Na minha leitura, destaco como Lang trata o tema dos géneros em filosofia e como relaciona o fazer filosófico com o fazer artístico. Nesse sentido, no que diz respeito aos géneros, escreve:
“I propose here as a working hypothesis, a four fold generic distinction in philosophical writing among the dialogue, the meditation or essay, the commentary, and the treatise. The abruptness of this schema (why not, after all, the critique, the philosophical poem, the aphorism?) calls attention to the central problem of “genre making” that has already been cited: namely, the selection of categories by which the genres are to be distinguished. The model of literary “action” on which the schema above is based has at least the advantage of simplicity; it presupposes only a model of communication as a transaction among speaker (implied or explicit), audience (again, implied or explicit), and the referent of what is said.
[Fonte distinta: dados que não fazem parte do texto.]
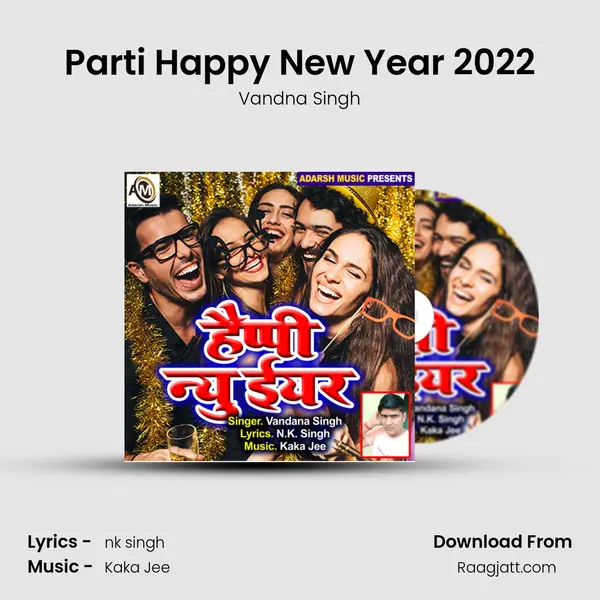 Parti Happy New Year 2022 - Vandna Singh album cover 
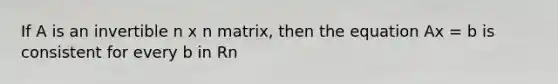 If A is an invertible n x n matrix, then the equation Ax = b is consistent for every b in Rn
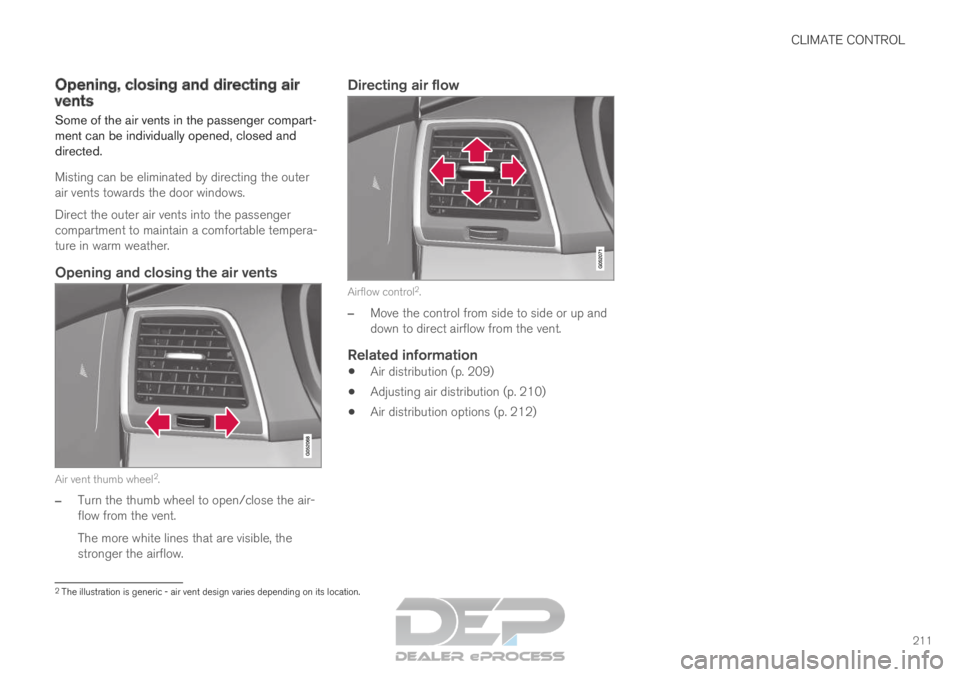 VOLVO XC90 TWIN ENGINE 2019 User Guide CLIMATE CONTROL
211
Opening, closing and directing air
vents
Some of the air vents in the passenger compart-
ment can be individually opened, closed and
directed.
Misting can be eliminated by directin VOLVO XC90 TWIN ENGINE 2019 User Guide CLIMATE CONTROL
211
Opening, closing and directing air
vents
Some of the air vents in the passenger compart-
ment can be individually opened, closed and
directed.
Misting can be eliminated by directin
In its broadest outline, then, the model assumes only that the philosophical text qualifies as an instance of discourse; the very generality of the model suggests that its terms would have to be taken into account, however the model as a whole might have to be refined“ (P. 29).

O Banquete de Platão
Nos diálogos, o discurso é partilhado pelas diferentes personagens da dramatização. Nesse sentido, o diálogo apresenta uma polifonia de vozes (ou narradores-autores). Além disso, a tensão entre os modos de expressão da apresentação e da representação ativa uma forma de dialética que aproxima o processo da dialética filosófica – não uma apresentação ou uma representação do processo, mas envolvendo o ouvinte ou o leitor dos diálogos no próprio processo.
“- And now, said Socrates, I will ask about Love:—Is Love of something or of nothing?
– Of something, surely, he replied.
– Keep in mind what this is, and tell me what I want to know—whether Love desires that of which love is.
– Yes, surely.
-And does he possess, or does he not possess, that which he loves and desires?
– Probably not, I should say.
– Nay, replied Socrates, I would have you consider whether ‘necessarily’ is not rather the word…”.

Meditações de Descartes
Nas meditações/ensaios (nos quais poderíamos incluir as Memórias, as Confessões e as Autobiografias, segundo Lang), o autor implícito faz uma aparição, geralmente direta (mediante o “eu”). O próprio autor/narrador está aqui como sujeito do texto, não apenas no sentido de que está falando, mas também porque está falando sobre si mesmo; o trabalho tem um fio narrativo do qual ele é um elemento contínuo (talvez até mesmo o elusivo “narreme” procurado por escritores de narrativa).
“SEVERAL years have now elapsed since I first became aware that I had accepted, even from my youth, many false opinions for true, and that consequently what I afterward based on such principles was highly doubtful; and from that time I was convinced of the necessity of undertaking once in my life to rid myself of all the opinions I had adopted, and of commencing anew the work of building from the foundation, if I desired to establish a firm and abiding superstructure in the sciences”.

Tractatus de Wittgenstein
No tratado, o autor implícito, embora presente de um ponto de vista reconhecível e constante, fala de experiência e evidencia que não é necessariamente a sua, mesmo quando usa a primeira pessoa. Sua voz está neutralizada: ele fala não por si mesmo, mas como um observador, recontando descrições ou fatos, os referentes dos quais são totalmente independentes de sua própria existência. Frequentemente os pronomes da primeira pessoa são eliminados completamente em favor de formas impessoais.
“1 The world is all that is the case.
1.1 The world is the totality of facts, not of things.
1.11 The world is determined by the facts, and by their being all the facts.
1.12 For the totality of facts determines what is the case, and also whatever is not the case.
1.13 The facts in logical space are the world.
1.2 The world divides into facts.
1.21 Each item can be the case or not the case while everything else remains the same”.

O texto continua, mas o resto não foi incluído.